Exercise data Start Marker

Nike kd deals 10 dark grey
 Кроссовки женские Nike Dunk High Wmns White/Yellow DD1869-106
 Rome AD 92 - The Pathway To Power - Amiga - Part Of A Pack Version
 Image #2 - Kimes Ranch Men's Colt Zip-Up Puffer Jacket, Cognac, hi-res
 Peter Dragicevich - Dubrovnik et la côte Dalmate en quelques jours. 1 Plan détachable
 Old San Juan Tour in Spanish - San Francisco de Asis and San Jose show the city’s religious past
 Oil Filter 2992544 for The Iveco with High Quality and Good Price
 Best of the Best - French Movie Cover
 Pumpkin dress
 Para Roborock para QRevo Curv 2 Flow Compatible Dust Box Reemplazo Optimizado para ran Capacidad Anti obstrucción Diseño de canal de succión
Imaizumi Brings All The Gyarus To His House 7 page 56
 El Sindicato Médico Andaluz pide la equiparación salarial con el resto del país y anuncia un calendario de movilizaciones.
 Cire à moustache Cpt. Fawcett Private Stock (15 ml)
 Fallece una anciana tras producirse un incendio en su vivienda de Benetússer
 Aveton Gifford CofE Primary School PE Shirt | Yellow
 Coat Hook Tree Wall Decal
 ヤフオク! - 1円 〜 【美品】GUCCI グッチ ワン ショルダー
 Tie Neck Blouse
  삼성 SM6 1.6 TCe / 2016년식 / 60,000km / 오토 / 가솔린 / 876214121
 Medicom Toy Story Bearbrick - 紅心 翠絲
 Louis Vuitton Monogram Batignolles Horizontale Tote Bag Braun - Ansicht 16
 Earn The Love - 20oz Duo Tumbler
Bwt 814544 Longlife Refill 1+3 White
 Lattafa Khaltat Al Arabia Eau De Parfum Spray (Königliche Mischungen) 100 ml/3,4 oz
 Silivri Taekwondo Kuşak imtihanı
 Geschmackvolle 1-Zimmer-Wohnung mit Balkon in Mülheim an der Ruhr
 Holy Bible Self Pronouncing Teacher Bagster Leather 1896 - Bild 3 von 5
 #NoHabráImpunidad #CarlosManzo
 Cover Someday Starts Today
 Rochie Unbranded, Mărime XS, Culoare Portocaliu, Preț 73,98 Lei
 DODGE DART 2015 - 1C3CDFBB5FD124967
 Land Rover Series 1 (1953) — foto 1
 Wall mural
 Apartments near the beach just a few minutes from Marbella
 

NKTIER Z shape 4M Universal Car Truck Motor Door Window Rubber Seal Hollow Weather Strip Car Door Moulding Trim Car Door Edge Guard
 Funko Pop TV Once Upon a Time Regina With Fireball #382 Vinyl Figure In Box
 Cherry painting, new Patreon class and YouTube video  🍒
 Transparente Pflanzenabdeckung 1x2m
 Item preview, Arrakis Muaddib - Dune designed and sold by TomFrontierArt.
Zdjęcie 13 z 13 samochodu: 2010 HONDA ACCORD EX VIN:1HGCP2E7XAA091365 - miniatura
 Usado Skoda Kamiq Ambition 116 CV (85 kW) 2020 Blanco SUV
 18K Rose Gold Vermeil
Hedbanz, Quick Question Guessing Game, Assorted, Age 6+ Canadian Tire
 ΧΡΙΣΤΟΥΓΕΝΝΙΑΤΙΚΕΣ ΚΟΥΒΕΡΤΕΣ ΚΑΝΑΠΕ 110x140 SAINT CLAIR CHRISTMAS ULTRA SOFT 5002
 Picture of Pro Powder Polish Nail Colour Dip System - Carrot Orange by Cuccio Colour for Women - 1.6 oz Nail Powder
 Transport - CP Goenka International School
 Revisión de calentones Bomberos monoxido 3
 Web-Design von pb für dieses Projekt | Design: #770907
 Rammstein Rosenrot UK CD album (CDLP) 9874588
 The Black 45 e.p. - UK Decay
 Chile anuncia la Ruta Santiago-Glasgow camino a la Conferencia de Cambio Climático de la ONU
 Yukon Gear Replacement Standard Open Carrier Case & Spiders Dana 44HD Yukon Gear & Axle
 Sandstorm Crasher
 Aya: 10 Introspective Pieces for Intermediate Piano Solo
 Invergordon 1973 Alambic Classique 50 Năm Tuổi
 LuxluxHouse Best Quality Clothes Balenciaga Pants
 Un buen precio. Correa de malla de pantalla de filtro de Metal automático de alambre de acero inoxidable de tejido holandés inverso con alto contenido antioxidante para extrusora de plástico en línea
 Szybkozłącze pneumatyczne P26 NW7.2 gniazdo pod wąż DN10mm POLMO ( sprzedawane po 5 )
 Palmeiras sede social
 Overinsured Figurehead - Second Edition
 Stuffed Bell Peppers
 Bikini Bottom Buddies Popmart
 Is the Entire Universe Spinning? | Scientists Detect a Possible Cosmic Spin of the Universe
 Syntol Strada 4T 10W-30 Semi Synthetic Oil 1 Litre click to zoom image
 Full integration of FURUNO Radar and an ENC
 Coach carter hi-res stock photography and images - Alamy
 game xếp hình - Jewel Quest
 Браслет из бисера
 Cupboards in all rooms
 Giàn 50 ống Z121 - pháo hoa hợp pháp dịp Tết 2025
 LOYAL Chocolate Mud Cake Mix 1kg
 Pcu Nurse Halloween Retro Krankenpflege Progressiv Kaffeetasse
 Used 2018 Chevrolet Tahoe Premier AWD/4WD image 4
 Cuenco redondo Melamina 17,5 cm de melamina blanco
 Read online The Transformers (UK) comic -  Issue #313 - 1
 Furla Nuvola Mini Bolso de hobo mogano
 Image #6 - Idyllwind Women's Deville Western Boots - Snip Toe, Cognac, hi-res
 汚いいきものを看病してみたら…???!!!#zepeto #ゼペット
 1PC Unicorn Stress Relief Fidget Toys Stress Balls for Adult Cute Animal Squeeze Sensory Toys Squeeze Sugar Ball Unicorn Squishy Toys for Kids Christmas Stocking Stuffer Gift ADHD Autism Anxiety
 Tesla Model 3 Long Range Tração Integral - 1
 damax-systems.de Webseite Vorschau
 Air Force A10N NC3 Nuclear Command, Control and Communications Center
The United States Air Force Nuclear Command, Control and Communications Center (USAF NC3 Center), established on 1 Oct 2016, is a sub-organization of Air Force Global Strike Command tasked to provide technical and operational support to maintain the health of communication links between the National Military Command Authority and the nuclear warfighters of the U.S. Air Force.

Exercise data End Marker

Wherever a line in the records contains the word "anuncia", copy that line.

Solved exercise:
 El Sindicato Médico Andaluz pide la equiparación salarial con el resto del país y anuncia un calendario de movilizaciones.
 Chile anuncia la Ruta Santiago-Glasgow camino a la Conferencia de Cambio Climático de la ONU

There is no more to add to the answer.